[Records from a data source]

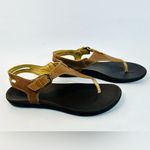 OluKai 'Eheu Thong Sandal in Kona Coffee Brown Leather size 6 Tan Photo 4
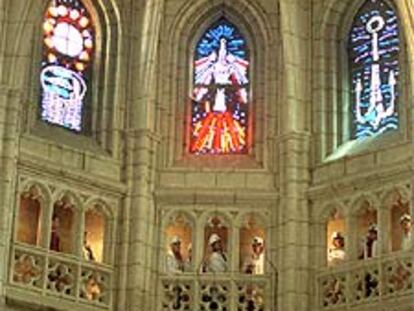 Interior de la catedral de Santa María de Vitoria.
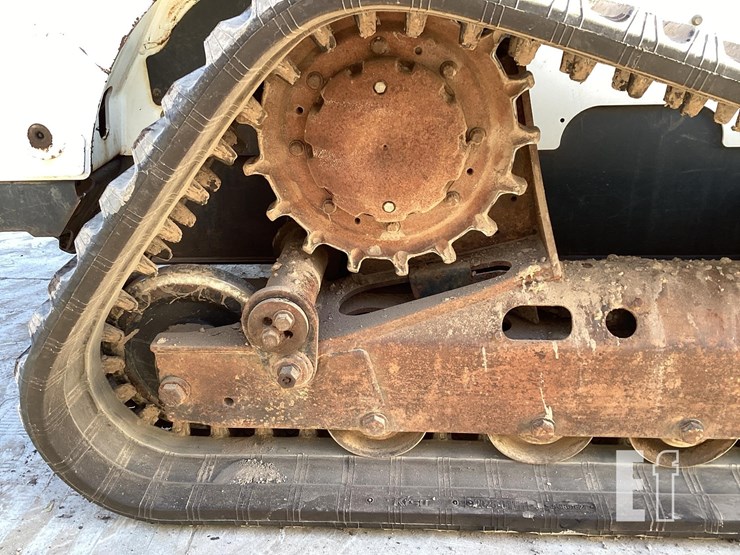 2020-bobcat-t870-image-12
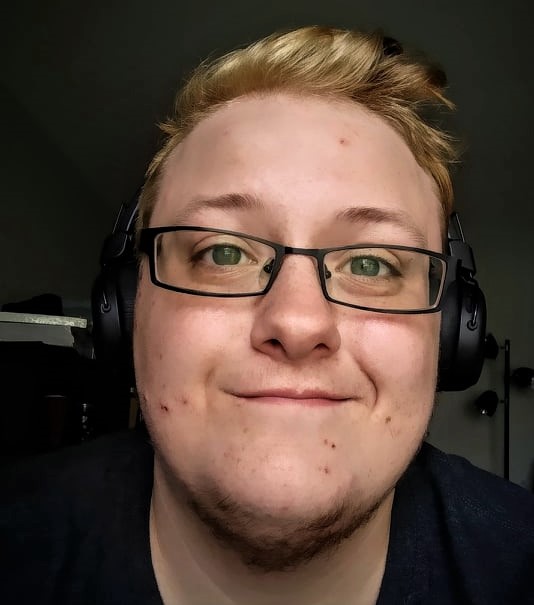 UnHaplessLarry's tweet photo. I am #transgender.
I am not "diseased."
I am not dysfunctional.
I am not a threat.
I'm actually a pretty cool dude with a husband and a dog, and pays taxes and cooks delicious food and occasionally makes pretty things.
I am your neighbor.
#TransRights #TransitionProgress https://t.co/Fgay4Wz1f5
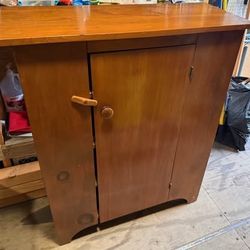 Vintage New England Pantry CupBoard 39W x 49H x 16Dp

● **Task requirements**
Your copy of the records above should be exact and contain no pictures.

● **Answer for the task**
 OluKai 'Eheu Thong Sandal in Kona Coffee Brown Leather size 6 Tan Photo 4
 Interior de la catedral de Santa María de Vitoria.
 2020-bobcat-t870-image-12
 UnHaplessLarry's tweet photo. I am #transgender.
I am not "diseased."
I am not dysfunctional.
I am not a threat.
I'm actually a pretty cool dude with a husband and a dog, and pays taxes and cooks delicious food and occasionally makes pretty things.
I am your neighbor.
#TransRights #TransitionProgress https://t.co/Fgay4Wz1f5
 Vintage New England Pantry CupBoard 39W x 49H x 16Dp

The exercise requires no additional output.